Goal of the exercise: What you return must match the listing exactly, with every image removed.

Data shown:
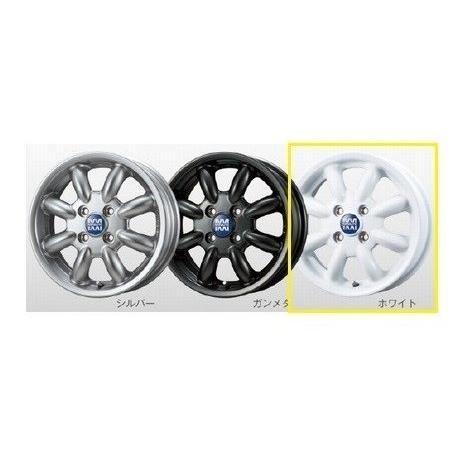 ムーヴ ダイハツ ムーヴカスタム【LA150S LA160S】 アルミホイール 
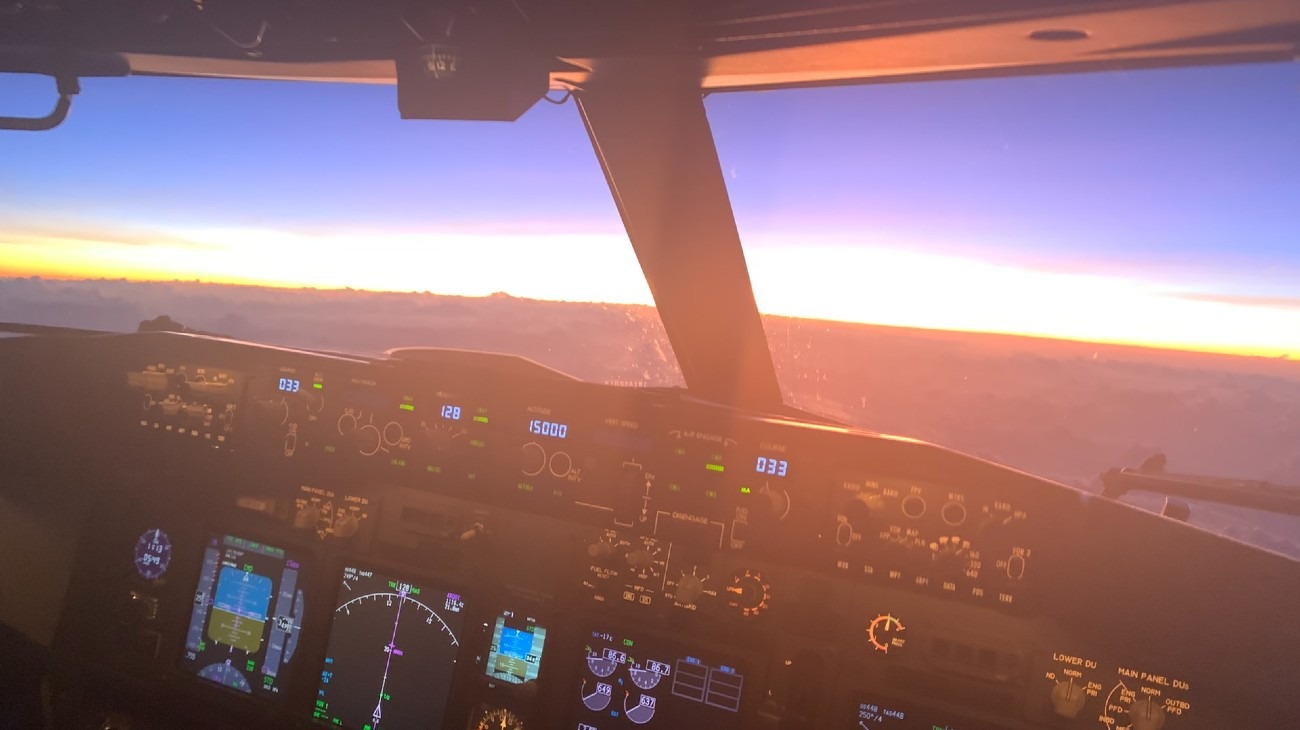 Plane cockpit AutoPilot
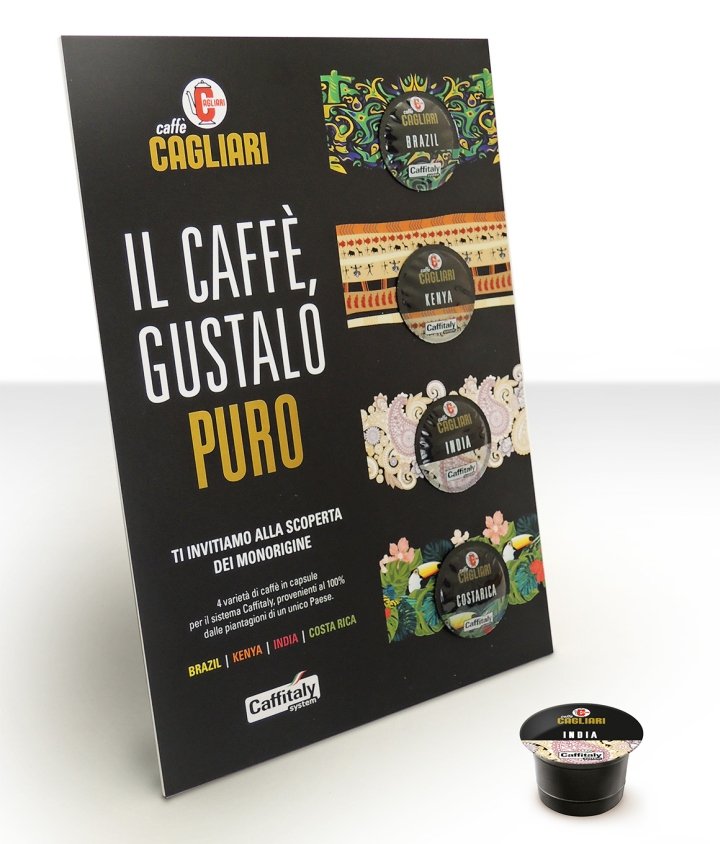 Labirinto 的 Caffè Cagliari Puro 系列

Output of the exercise:
 ムーヴ ダイハツ ムーヴカスタム【LA150S LA160S】 アルミホイール 
 Plane cockpit AutoPilot
 Labirinto 的 Caffè Cagliari Puro 系列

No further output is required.